--- Activity ---
Set down every line of the data exactly, skipping the pictures.

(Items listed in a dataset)
■ ■ ■ ■
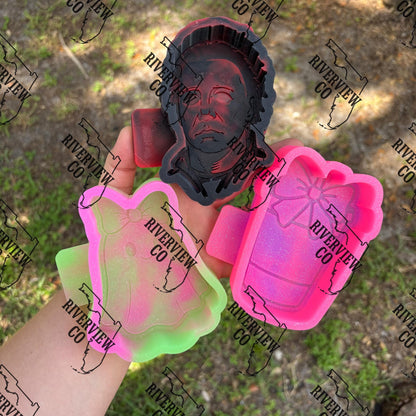 Blank iced coffee Togo cup with cute girly bow car freshie mold ! perfect to add a little circle cardstock photo to !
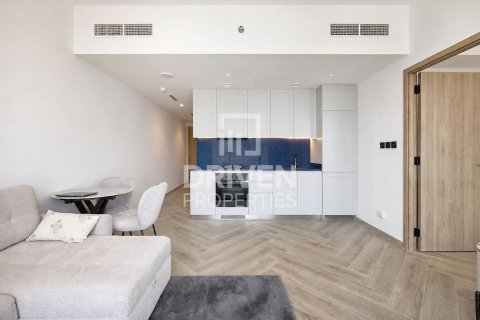 1 bedroom Apartment in Business Bay, UAE No. 198797 11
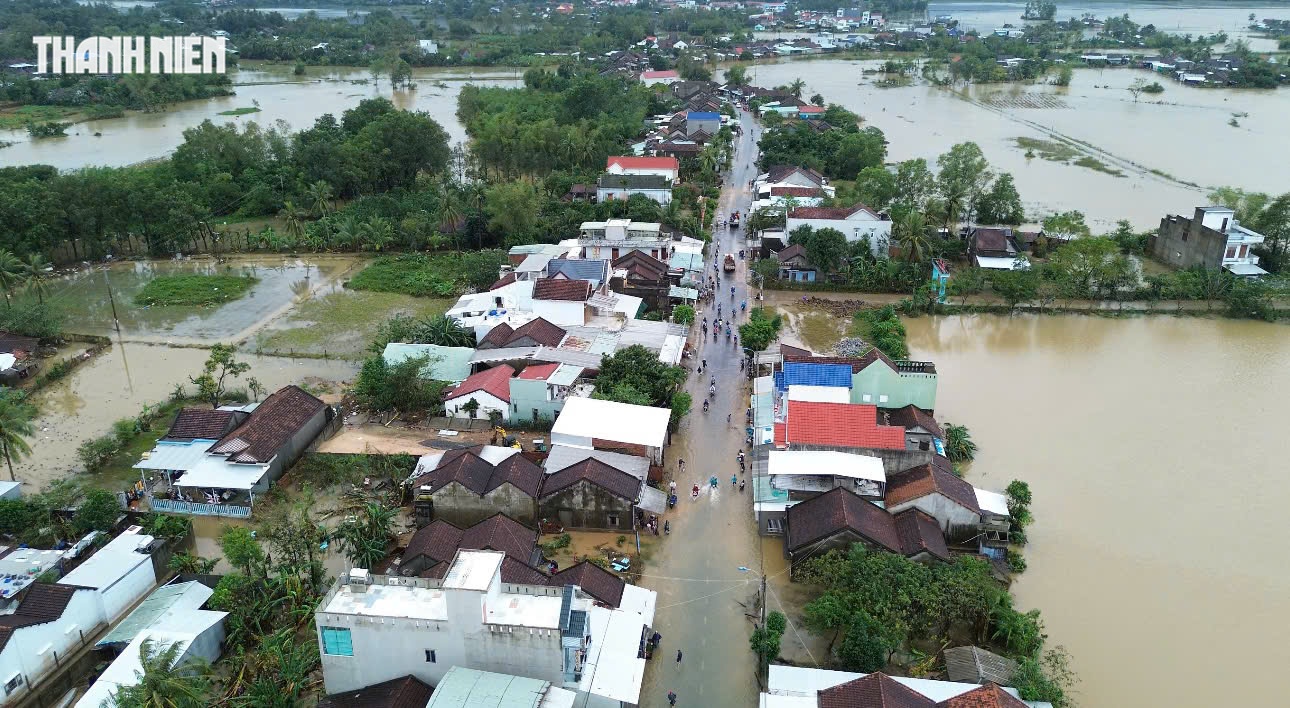 Rốn lũ hòa Thịnh Đắk Lắk nhìn từ trên cao: Nước mênh mông , rút chậm - Ảnh 3.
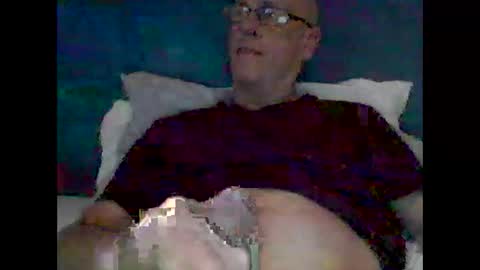 Snapshot of stanley1923308 chatting on November 23, 11:37 pm stanley1923308 online show from November 23, 11:37 pm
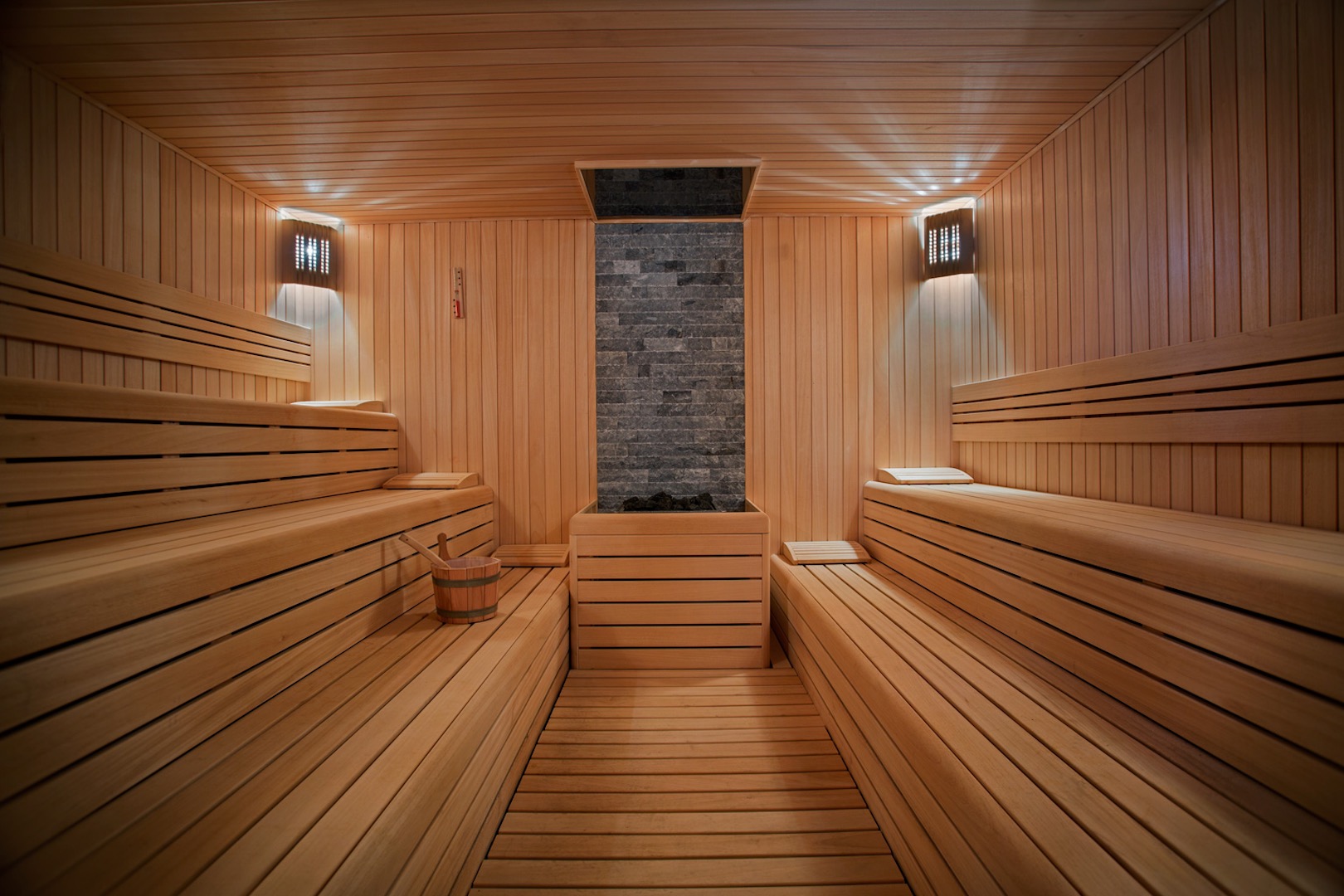 int_opt_Conrad-Sauna.jpg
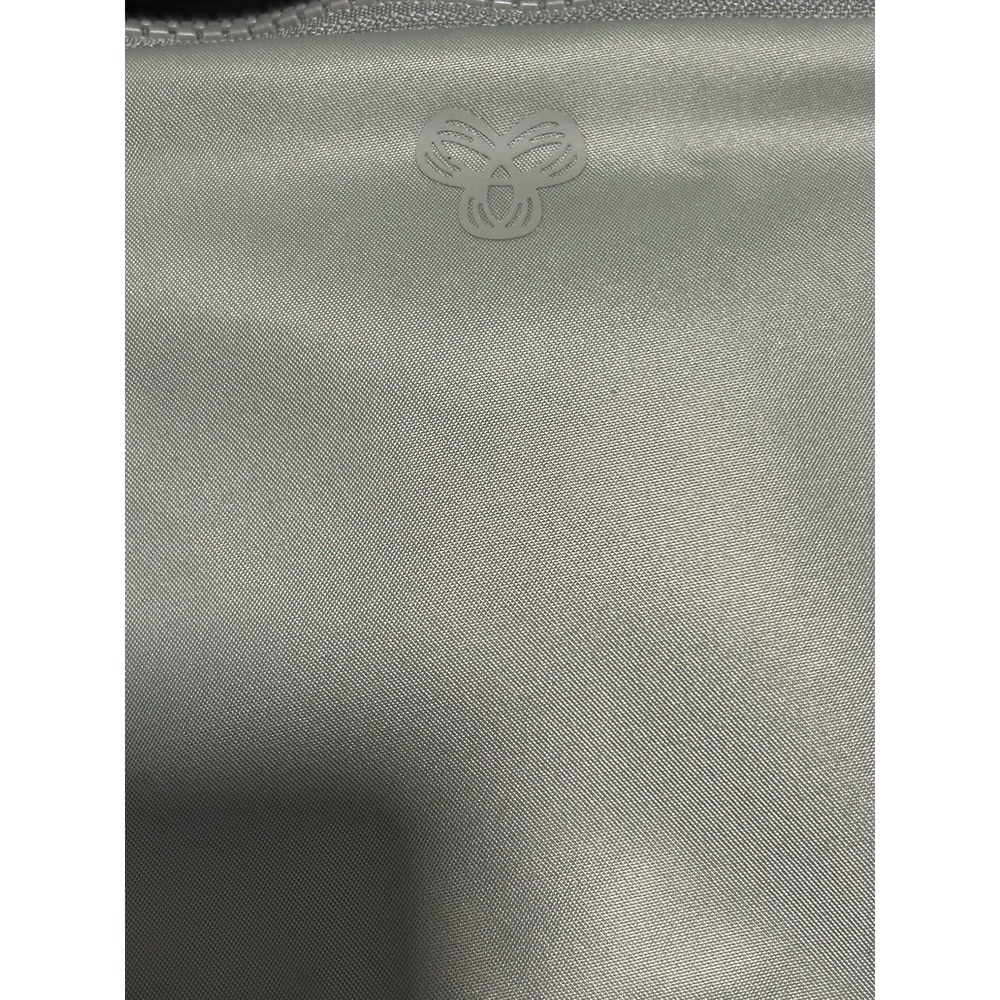 Aritzia TnAction On-The-Way Exposed Belt Bag Green NWOT WaterRepellent Crossbody - Picture 8 of 8
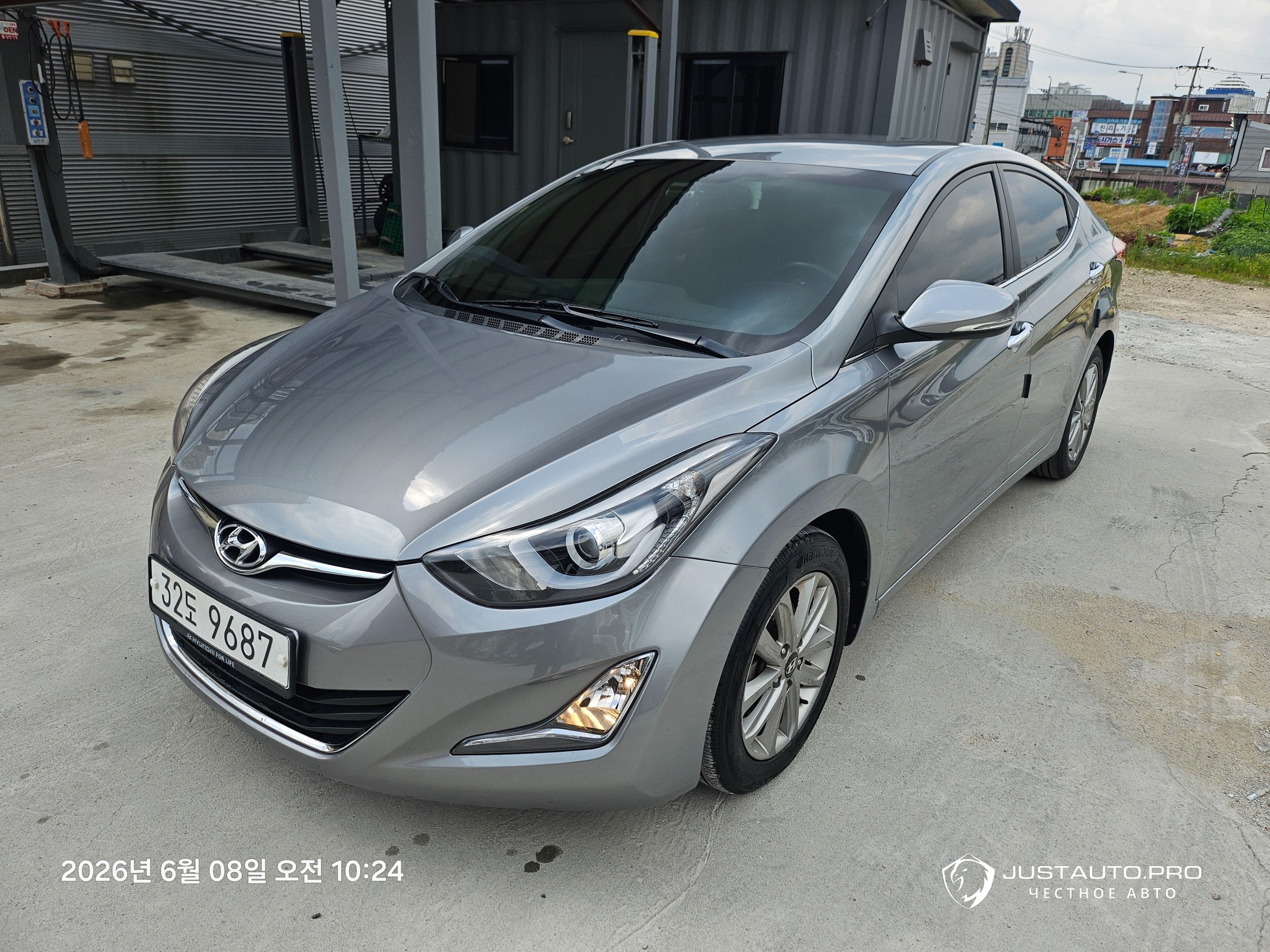 Автомобиль Hyundai AVANTE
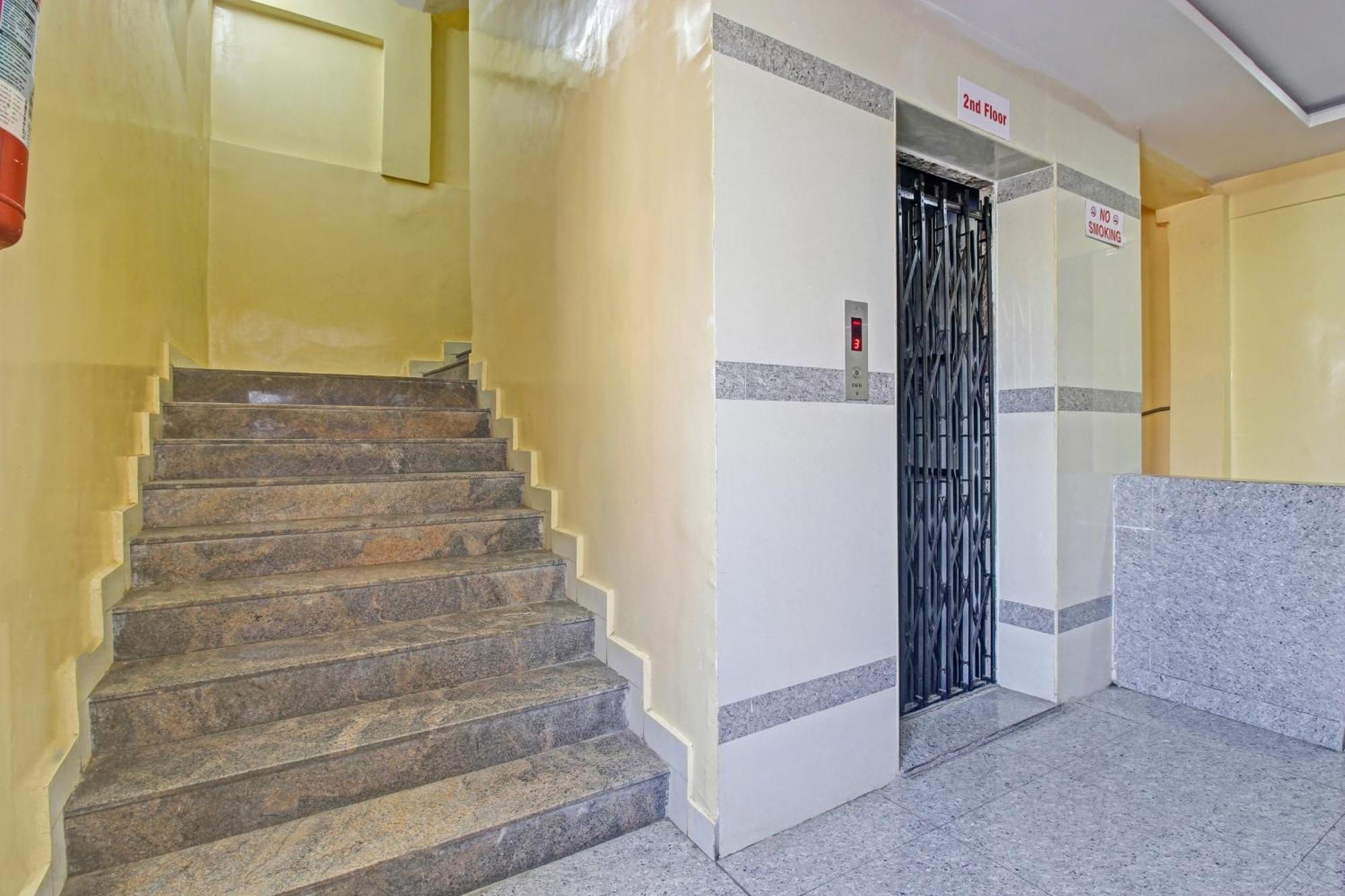 Super Hotel O Sri Sai Regency Hyderabad Ngoại thất bức ảnh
■ ■ ■ ■
--- Your solution ---
 Blank iced coffee Togo cup with cute girly bow car freshie mold ! perfect to add a little circle cardstock photo to !
 1 bedroom Apartment in Business Bay, UAE No. 198797 11
 Rốn lũ hòa Thịnh Đắk Lắk nhìn từ trên cao: Nước mênh mông , rút chậm - Ảnh 3.
 Snapshot of stanley1923308 chatting on November 23, 11:37 pm stanley1923308 online show from November 23, 11:37 pm
 int_opt_Conrad-Sauna.jpg
 Aritzia TnAction On-The-Way Exposed Belt Bag Green NWOT WaterRepellent Crossbody - Picture 8 of 8
 Автомобиль Hyundai AVANTE
 Super Hotel O Sri Sai Regency Hyderabad Ngoại thất bức ảnh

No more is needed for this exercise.